On constate donc que cette philanthropie est basée sur une stratégie de communication de groupe aidée par des « conseilles en éthique » gravitant autour des entrepreneurs eux-mêmes de plus en plus formés au business des fondations dans leurs grandes écoles.

En conclusion, « Les nouveaux riches, un ethnologue dans la Silicon valley » ne donne pas au final une image si séduisante de la Silicon valley en montrant surtout une microsociété sans idéaux spirituels autres que la réussite et l’argent, mais persuadée que cette réussite capitalistique doit s’accompagner d’une politique sociale.

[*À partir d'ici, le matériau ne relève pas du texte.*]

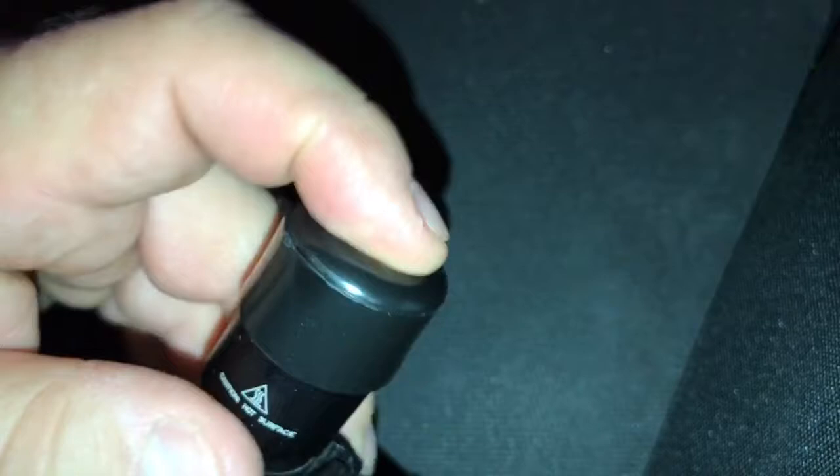Now without that hole, it forms like a suction. Watch — I'm blocking the hole. You see how much harder it is to get on, and the same way getting it off. Unplug the hole and you get it off just like that.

Compte tenu de son poids économique, la Silicon valley surpasse l’action sociale des institutions américaine et revendique l’idée que les initiatives privées d’un petit nombre d’élus sont plus efficaces que les lourds programmes étatiques.

Si cette complémentarité voir opposition privé/public est beaucoup plus prégnante aux USA qu’en France ou l’Etat reste le grand ordonnanceur du secteur social, l’ouvrage d’Abélès souligne que cette politique philanthropique n’est qu’un prolongement de la stratégie d’entreprise pour accroitre son influence et s'assurer une image valorisante au sein de la société.

On reste également dubitatif sur le peu de recul de ces entrepreneurs réellement persuadés de pouvoir s’attaquer à des problèmes aussi complexes que la réduction du chomage ou des inégalités parce qu’ils ont réussi à mettre au point une nouvelle application plus rentable que les autres.

Il est probable que ce monde irréel pourrait s’effondrer sur un simple retournement économique et ramener à la dure réalité ces jeunes loups obsédés par leur propre image et leur nombrilisme.